Statoil planeja elevar produção no campo de Peregrino

O presidente da Statoil no Brasil, Kjetil Hove, disse hoje que a companhia está produzindo atualmente 35 mil barris de petróleo por dia no campo de Peregrino, na Bacia de Campos, e deverá aumentar este volume para a capacidade máxima na área em 2012, de até 100 mil barris por dia. O executivo também disse que a Statoil estuda perfurar, no ano que vem, um poço abaixo do reservatório já descoberto de Peregrino, para tentar encontrar novas reservas em outra faixa geológica. "Ainda não há definição sobre isso, mas uma intenção", afirmou.

KELLY LIMA, Agencia Estado

25 de maio de 2011 | 14h05

Kjetil Hove revelou ainda que a companhia está estudando participar da 11ª Rodada que a Agência Nacional do Petróleo, Gás Natural e Biocombustíveis (ANP) promoverá no segundo semestre, mas há ainda a necessidade de estudar melhor as áreas que serão ofertadas. As declarações foram dadas hoje durante evento da Statoil no Rio de Janeiro.

Odebrecht Oil & Gas

No evento, o diretor presidente da Odebrecht Oil & Gas, Roberto Ramos, defendeu que as exigências de conteúdo nacional deveriam ser no Brasil "menos paroquiais". "Há uma dificuldade em cumprir o que está aí hoje", afirmou, afirmando que as empresas nacionais devem buscar encomendas no exterior.

"Nem a Noruega, nem a Inglaterra e nem Angola, que já está produzindo 2 milhões de barris por dia, adotaram a exigência de conteúdo nacional", comentou, destacando que é preciso definir quais são exatamente os parâmetros do conteúdo nacional: "É para comprar 65% de quê? Sessenta e cinco por cento em reais? Ou de empresas instaladas aqui?", questionou.

Ele afirmou ainda que a companhia está bastante interessada no novo processo licitatório que a Petrobras deverá lançar para encomendar sondas de perfuração. Segundo o executivo, a contratação destas sondas pode financiar a construção do estaleiro da companhia.

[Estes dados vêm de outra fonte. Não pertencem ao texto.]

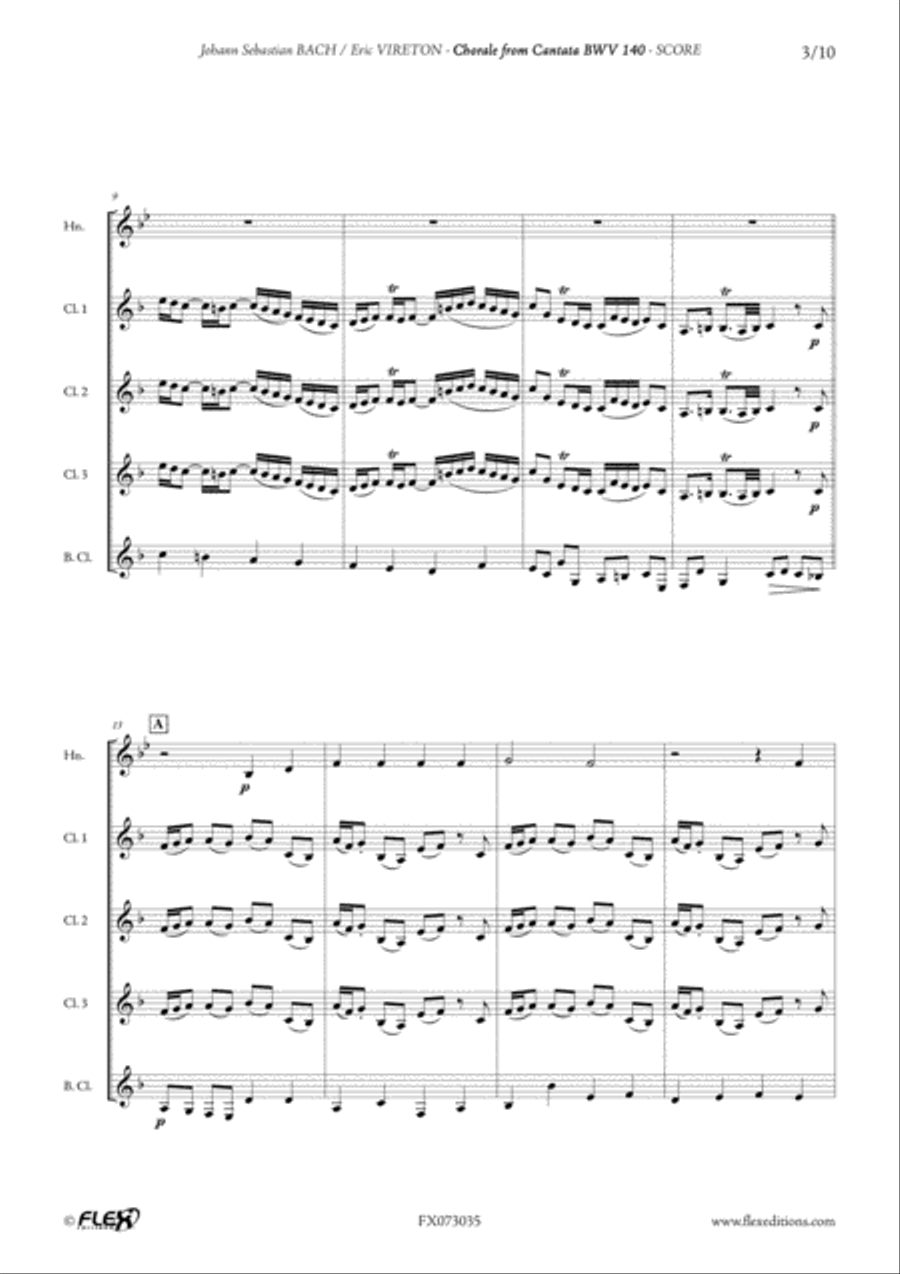 Chorale from Cantata BWV 140 Clarinet Quartet scores gallery preview page 3
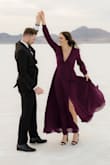 If you want a dress that moves, this is your gal! She was perfect for my engagement shoot. The color is so rich and beautiful. Button detail on the sleeve is to die for and the plunging neckline worked well with my smaller chest. ORDER THIS, you won't regret it. - Leslie O.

Ramos afirmou também que o ritmo de crescimento do setor de petróleo deverá ditar o cenário financeiro nacional nos próximos anos, mais favorável à valorização do real. "Pensar no câmbio com paridade de R$ 2,10 ou R$ 2,20 é inviável. Melhor pensar em algo abaixo dos R$ 1,50", disse.

Segundo seus cálculos, o consumo doméstico de derivados deverá crescer 6% ao ano sobre os dois milhões de barris por dia este ano, até 2020, o que deve gerar um consumo de 3,4 milhões de barris por dia em nove anos. "Se o Brasil estiver produzindo 5 milhões de barris por dia, como se prevê, haverá um excedente de 1,7 milhão de barris que, sem serem processados em nenhuma refinaria local, apenas exportados crus, podem render divisas de US$ 60 bilhões, ou o equivalente a todos investimentos estrangeiros hoje no País. Como se segura um câmbio com estas perspectivas?", comentou.